Business

Argentina beef isn’t done yet

Argentine bondholders who fear default yesterday asked an appeals court to let them continue to get paid while the South American country and Paul Singer’s Elliott Management duke it out.

A growing list of big-name bondholders say they are innocent bystanders facing “irreparable harm” from Manhattan federal judge Thomas Griesa’s order that Argentina set aside $1.3 billion to pay Elliott and other holdouts.

The judge ruled the money must be put in escrow by Dec. 15, when $3 billion is due to other bondholders who agreed to Argentina’s debt restructurings. Griesa said Argentina must pay Elliott each time it pays those bondholders.

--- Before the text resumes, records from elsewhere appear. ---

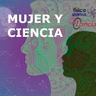 T03 E09 MUJER Y CIENCIA I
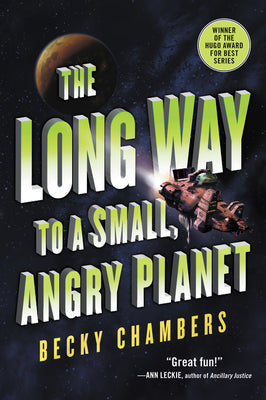 The Long Way to a Small, Angry Planet by Chambers, Becky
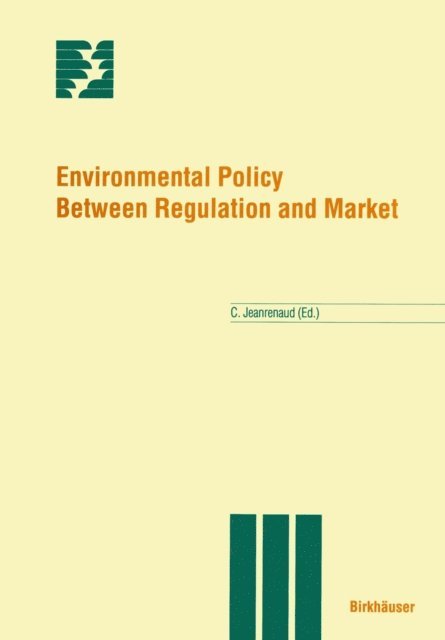 C. Jeanrenaud - Environmental Policy Between Regulation and Market, E-bok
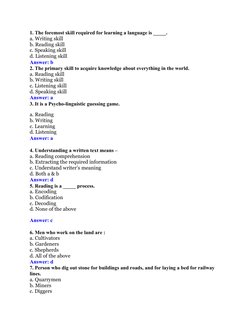 1. The foremost skill required for learning a language is _____.
a. Writing skill
b. Reading skill
c. Speaking skill
d. Liste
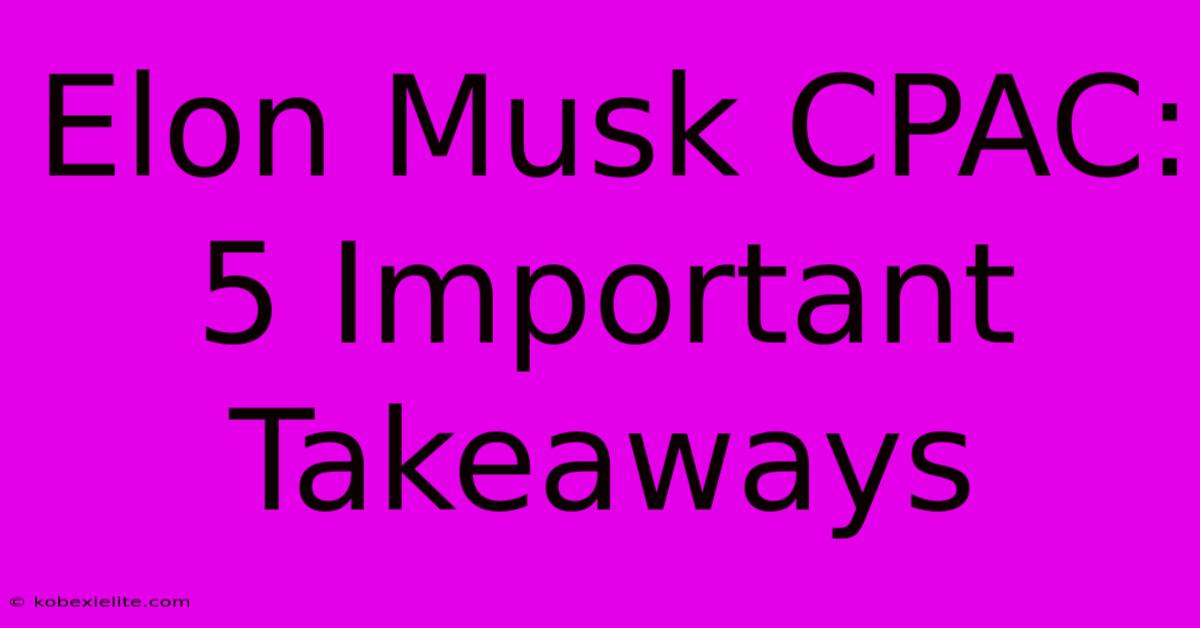 Elon Musk CPAC: 5 Important Takeaways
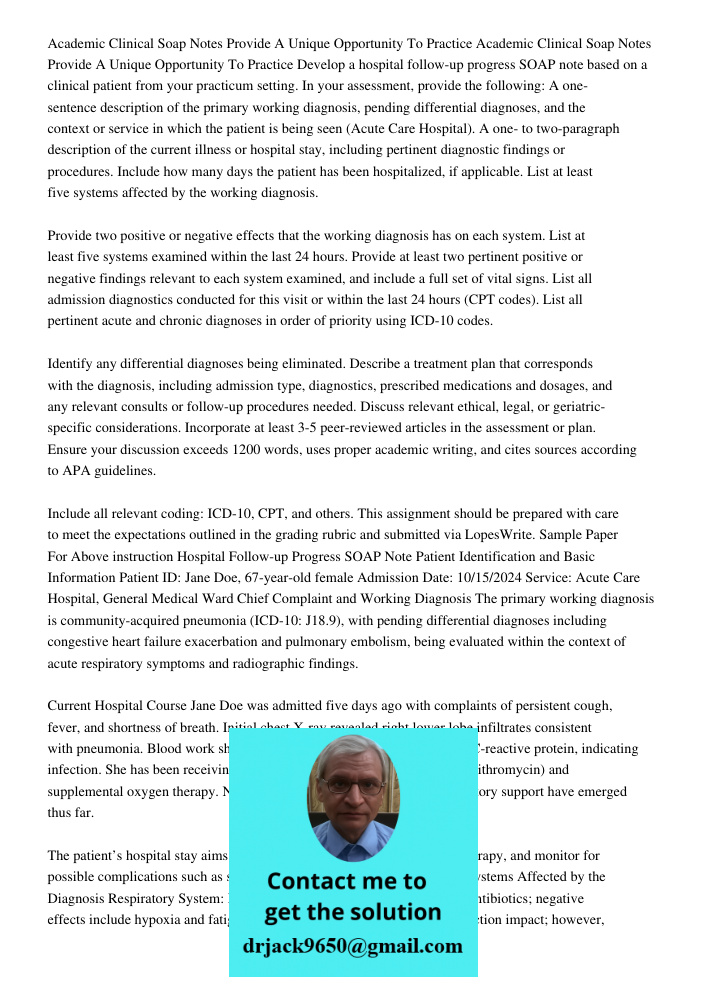 Develop a hospital follow-up progress SOAP note based on a clinical patient from your practicum setting. In your assessment, provide the following: A one-senten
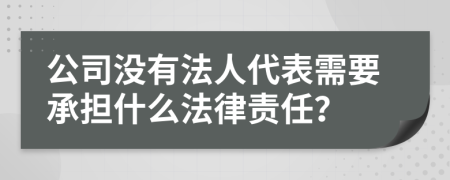 公司没有法人代表需要承担什么法律责任？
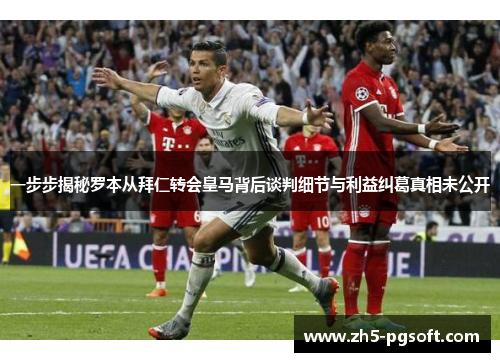 一步步揭秘罗本从拜仁转会皇马背后谈判细节与利益纠葛真相未公开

Argentina President Cristina Kirchner has repeatedly insisted the country will never pay Elliott and the other holdouts, frustrating Griesa and leading him to order the escrow account.

But he ignored the appeals court’s admonition to “avoid interrupting Argentina’s regular payments to [exchange] bondholders,” according to the emergency motion filed yesterday.

“The motion would ensure that interest payments to the bondholders continue while the appeal is decided,” said David Boies, an attorney representing the bondholders, which include Gramercy, Brevan Howard and Alliance Bernstein.

Kirchner’s opposition to paying Elliott, which she calls a “vulture,” has widespread support in Argentina, but her intransigence is slamming the country’s bond prices. Investors fear that if Argentina disobeys Griesa’s ruling — and they don’t get paid — it would trigger default.

The exchange bondholders told the appeals court that Griesa’s ruling came three days after they filed their initial brief, “virtually ignoring” their concerns.

“The judge is applying terrorist tactics,” Fintech’s David Martinez, one of the exchange bondholders, told an Argentine newspaper.